* **EXERCISE**
Everything from the line containing "Vita letuo Immune,Digestive" to the last line of the listing below should be restated exactly, both ends included, with nothing added and the pictures omitted.

* **GIVEN DATA**
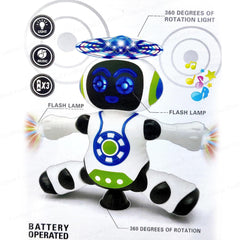 Dancing Robot with Music, Robot for Kids with 3D Flashing Lights, 360 Degree Rotation Toy Robot for Kids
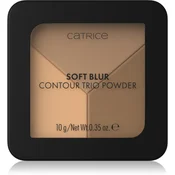 Catrice Soft Blur Contour Trio Powder paleta za konture obraza z mat učinkom odtenek C020 Neutral Harmony 10 g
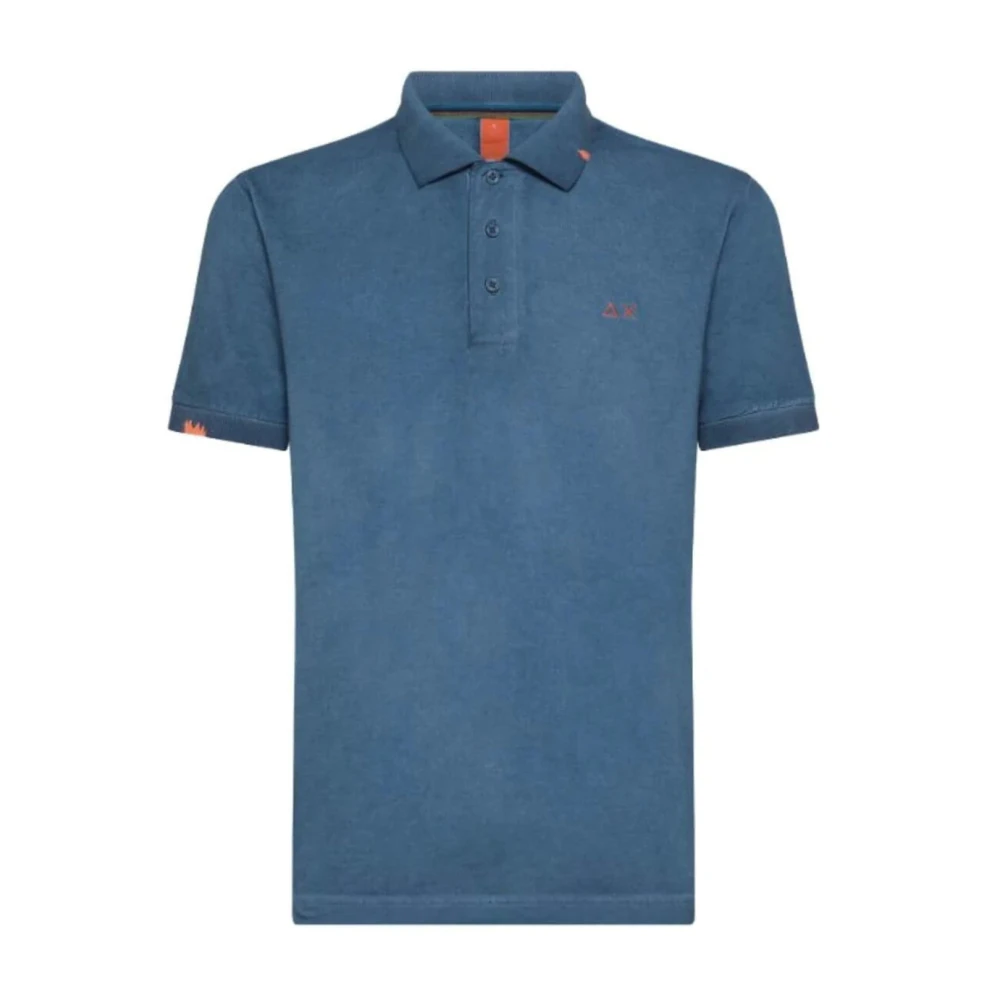 Sun68 Men's Blue Cotton Logo Polo Shirt - Polo Shirts - M - Tops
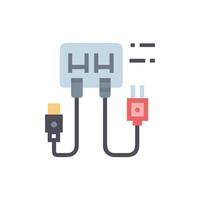 Illustration of multiport adapter with power and data connectivity vector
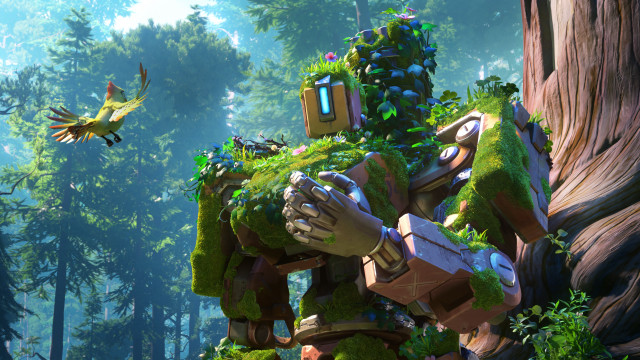 Robot forest bird unreal5 nature free wallpaper for desktop - medium preview image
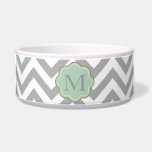 Gray Chevron Bowl<br><div class="desc">Gray Chevron girly chic zigzag white modern trendy monogram initial personalized dog bowl and cat bowl pet dish</div>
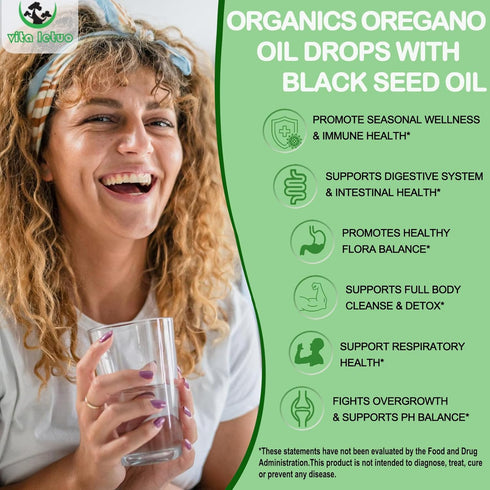 Vita letuo Immune,Digestive Organic Oil of Oregano with Black Seed Oil, Oregano Oil Liquid Drops w/Garlic Olive Leaf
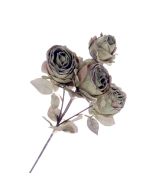 Vintage Antique Rose Faux Dried Flowers Green (4 heads, 54cm long)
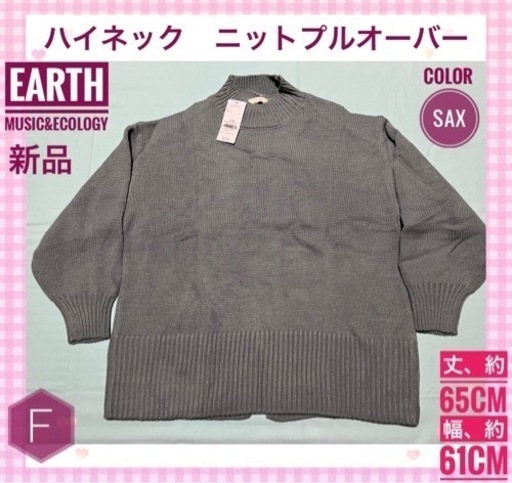 アースミュージックアンドエコロジー　ハイネック　ニットプルオーバー　F　トップス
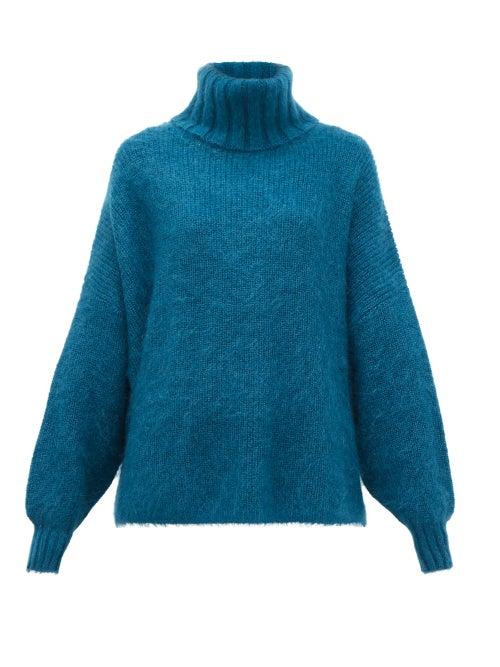 Matchesfashion.com Joostricot - Roll-neck Mohair-blend Sweater - Womens - Dark Green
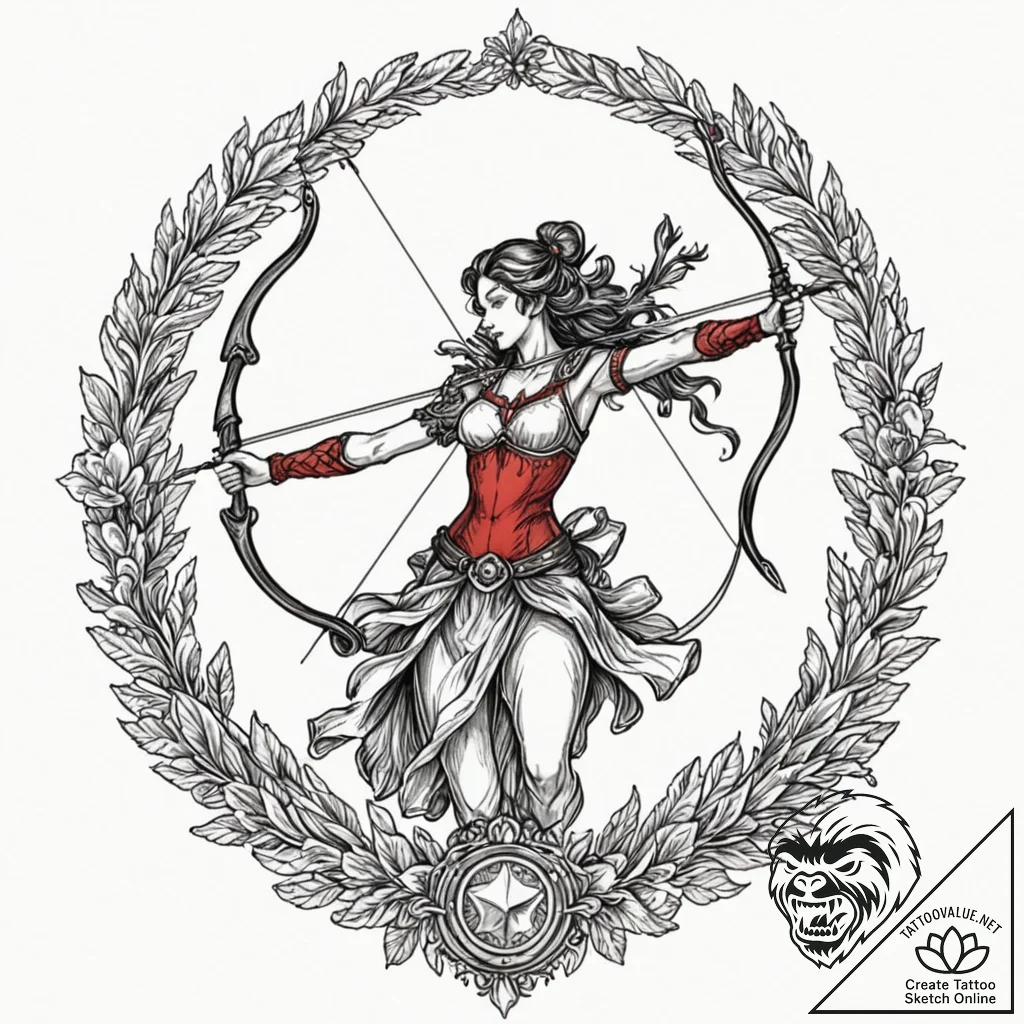 Tattoo sketch a sagittarius archer, captured... - tattoo sketch (№1753040330_0, 20.07.2025 19:38) — tattoovalue.net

* **SOLUTION TO THE EXERCISE**
 Vita letuo Immune,Digestive Organic Oil of Oregano with Black Seed Oil, Oregano Oil Liquid Drops w/Garlic Olive Leaf
 Vintage Antique Rose Faux Dried Flowers Green (4 heads, 54cm long)
 アースミュージックアンドエコロジー　ハイネック　ニットプルオーバー　F　トップス
 Matchesfashion.com Joostricot - Roll-neck Mohair-blend Sweater - Womens - Dark Green
 Tattoo sketch a sagittarius archer, captured... - tattoo sketch (№1753040330_0, 20.07.2025 19:38) — tattoovalue.net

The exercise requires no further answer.